The Hybrid(CPU/GPU) execution
Note: this is an experimental feature currently.
Overview
The Hybrid execution provides a way to offload Parquet scan onto CPU by leveraging Gluten/Velox.
Configuration
To enable Hybrid Execution, please set the following configurations:
"spark.sql.sources.useV1SourceList": "parquet"
"spark.rapids.sql.parquet.useHybridReader": "true"
"spark.rapids.sql.hybrid.loadBackend": "true"
Build
Build Gluten bundle and third party jars.
Hybrid execution targets Gluten v1.2.0 code tag. For the Gluten building, please refer to link. Start the docker Gluten project provided, then execute the following
git clone https://github.com/apache/incubator-gluten.git
git checkout v1.2.0
# Cherry pick a fix from main branch: Fix ObjectStore::stores initialized twice issue
git cherry-pick 2a6a974d6fbaa38869eb9a0b91b2e796a578884c
./dev/package.sh
Note: Should cherry-pick a fix as shown in the above steps. In the $Gluten_ROOT/package/target, you can get the bundle third_party jars.
Download Rapids Hybrid jar from Maven repo
<dependency>
<groupId>com.nvidia</groupId>
<artifactId>rapids-4-spark-hybrid_${scala.binary.version}</artifactId>
<version>${project.version}</version>
</dependency>
How to use
Decide the Spark version. Set the configurations as described in the above section. Prepare the Gluten bundle and third party jars for the Spark version as described in the above section.
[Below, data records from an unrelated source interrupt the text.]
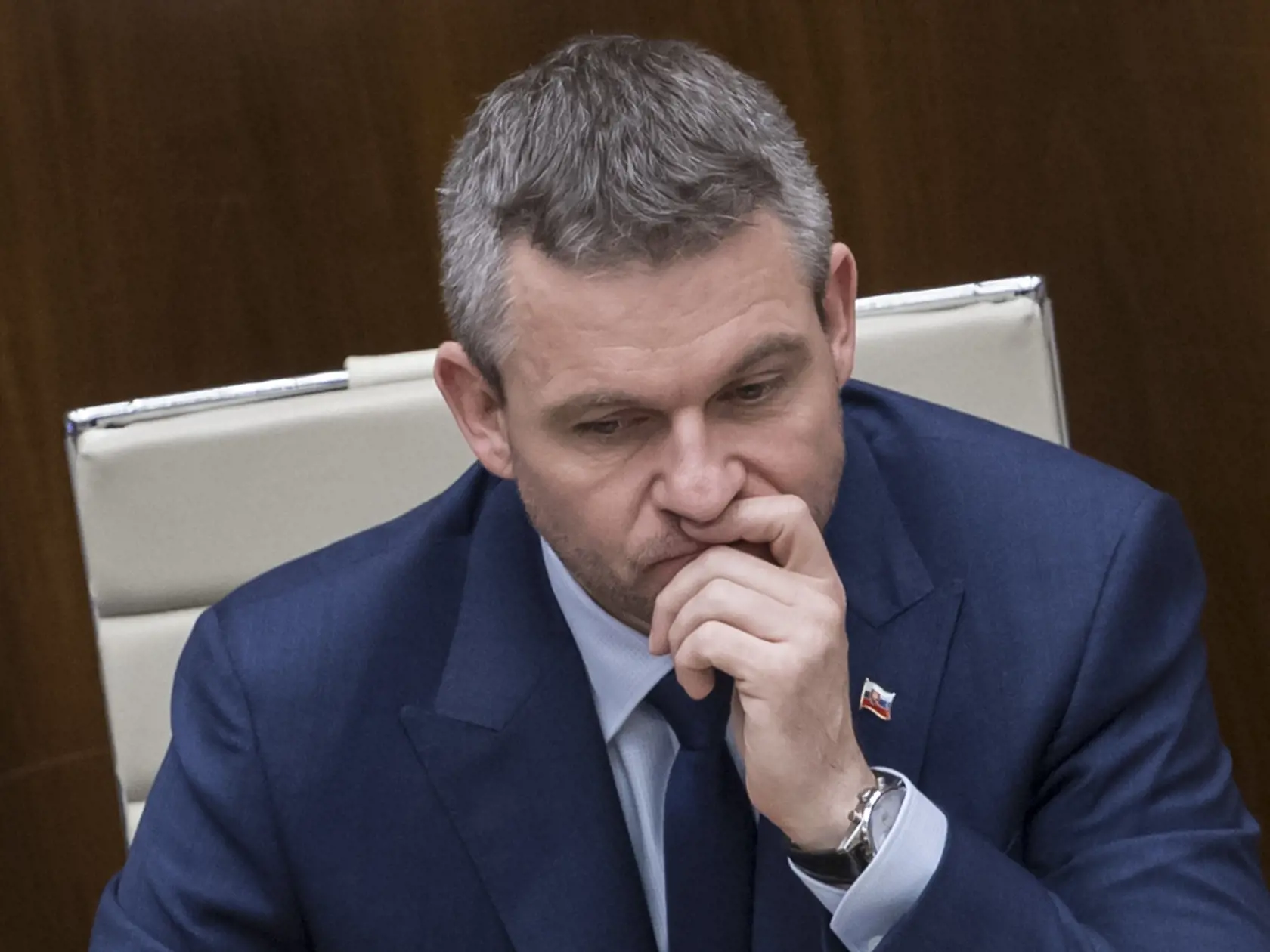 Peter Pellegrini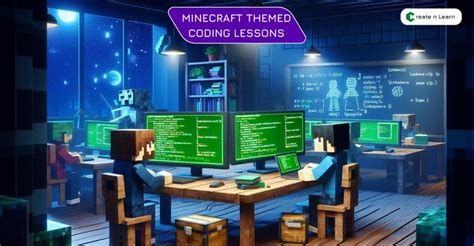 Image result for Minecraft Coding Class
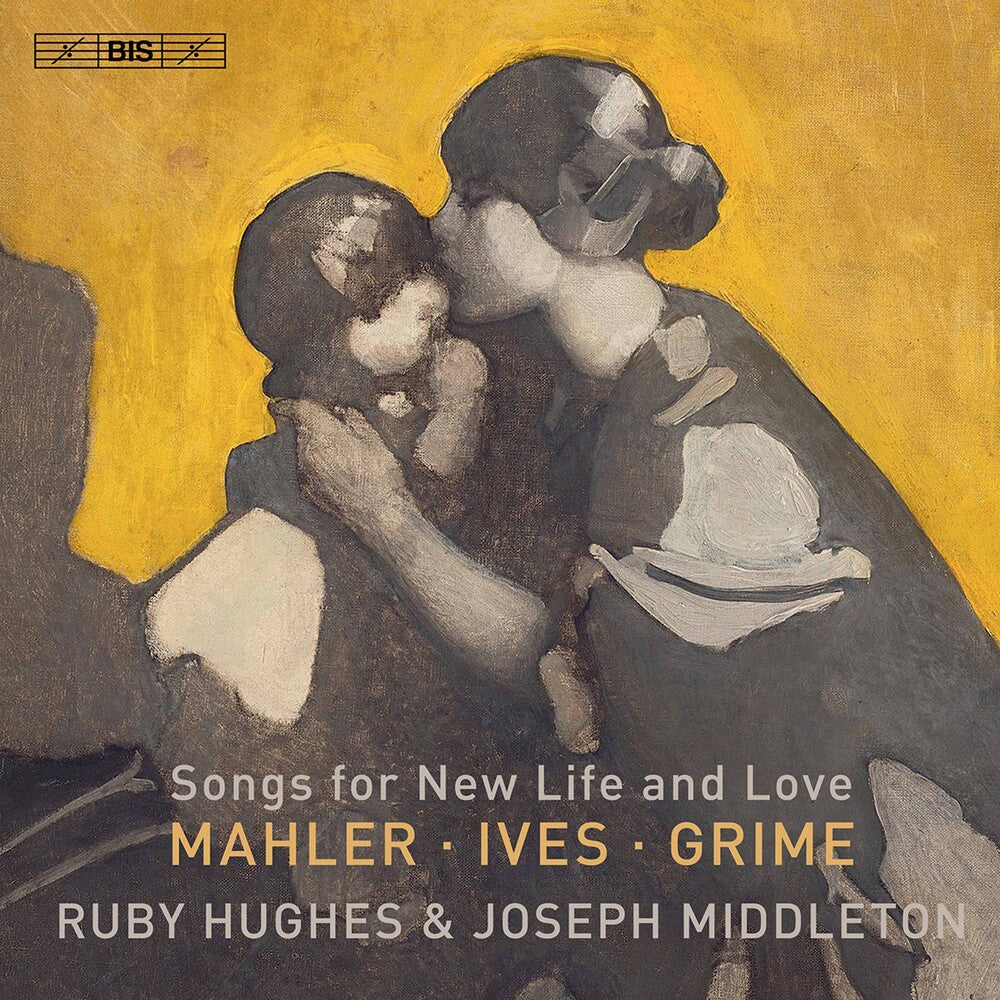 Grime / Hughes / Middleton - Songs For New Life & Love (Hybr) [CD]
Get the Rapids Hybrid jar. Put the jars(Gluten two jars and the Rapids hybrid jar) in the classpath by specifying: --jars=<gluten-bundle-jar>,<gluten-thirdparty-jar>,<rapids-hybrid-jar>
Limitations
- Only supports V1 Parquet data source.
- Only supports Scala 2.12, do not support Scala 2.13.
- Support Spark 3.2.2, 3.3.1, 3.4.2, and 3.5.1, matching Gluten. Other Spark versions 32x, 33x, 34x, 35x may work, but are not fully tested.